Technologische variabelen:
Hier gaat het over hoe er geproduceerd wordt, wat is de stand van de techniek? Technologische
tekortkomingen kunnen worden goedgemaakt door bijvoorbeeld loon kosten lager liggen of mensen
bereid zijn harder en langer te werken. Nieuwe uitvindingen en ontwikkelingen.
1
of fluctuatie is de verandering van het groeipercentage van de economie of de productie op de
korte termijn
2
Hoe goed en hoeveel uur er in de week is men bereid om te werken bijvoorbeeld
, Ecologische variabelen:
Hier gaat het erom hoe een lang of regio omgaat met het milieu. Wordt de organisatie geacht hierin een
rol in te spelen, door duurzaam te produceren?
Markt -en bedrijfstakvariabelen:
Hier gaat het over de omvang van markt waar de organisatie actief is, de hevigheid van de concurrentie
en de stand van zaken in de bedrijfstak. Zijn er bijvoorbeeld veel andere organisaties die deze markt
betreden.
Politieke variabelen:
Hier gaat het over de stabiliteit van de overheid en democratie, Subsidieklimaat en Wetgeving en
stabiliteit.
Wat betekenen deze DESTEMP-variabelen voor organisaties:
Kennen: de organisatie moet zich bewust zijn van zijn omgeving en deze kennen
Keuzen moeten maken: de organisatie moet keuzes maken tegenover de omgeving. Waar produceren
we? De productie verplaatsen naar lageloonlanden kost zeer veel moeite.

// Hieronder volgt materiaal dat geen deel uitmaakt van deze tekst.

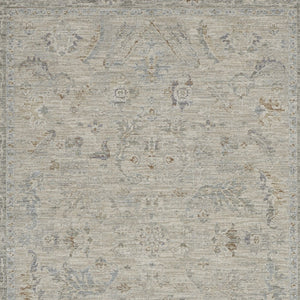 Homeroots 4' X 6' Gray And Dark Gray Floral Power Loom Area Rug  Polypropylene,Polyester 550482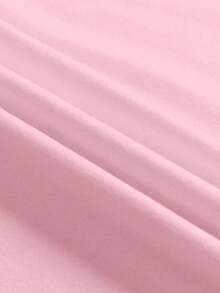 Blusa casual de unicolor con hombros oblicuos y ajustada, apropiada para el verano - Rosa - Ver 8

Beïnvloeden: de organisatie moet de omgeving naar haar hand zetten. Organisaties kunnen hun
omgeving ook individueel beïnvloeden. Dit door reclame te maken of goede doelen te steunen.
Hierdoor verhogen ze hun vraag.
Duurzaamheid:
Organisaties moeten duurzaam omgaan met de omgeving, het milieu waarin een onderneming actief is.
Vandaag de dag schenken we extra aandacht aan de omgevingsvariabelen.
MVO = maatschappelijk verantwoord ondernemen:
Is een vorm van ondernemen gericht op economische prestaties (profit), met respect voor de sociale
kant (people) en binnen de ecologische randvoorwaarden (planet). Bij MVO gaat het erom om een
balans te vinden tussen profit, people and planet. Deze balans moet betere resultaten oplevern voor het
bedrijf en de samenleving.
3p of ppp benadering:
Profit, people en planet
OESO = Organisatie voor Economische Samenwerking en Ontwikkeling:
Ze hebben regels opgesteld voor het maatschappelijk verantwoord ondernemen. Ze worden de OESO
richtlijnen genoemd, deze richtlijnen maken duidelijk wat overheden van het gedrag van bedrijven
verwachten.
Duurzame ontwikkeling:
Is de ontwikkeling die aansluit op de behoeften van het heden zonder het vermogen van toekomstige
generaties om in hun eigen behoeften te voorzien in gevaar te brengen. Is een evenwicht tussen
ecologische, economische en sociale belangen.
Brundtland rapport:
Conclusie van het rapport is dat de belangrijkste mondiale milieuproblemen het gevolg is van armoede,
niet duurzame consumptie en productie het rapport riep op tot duurzame ontwikkeling.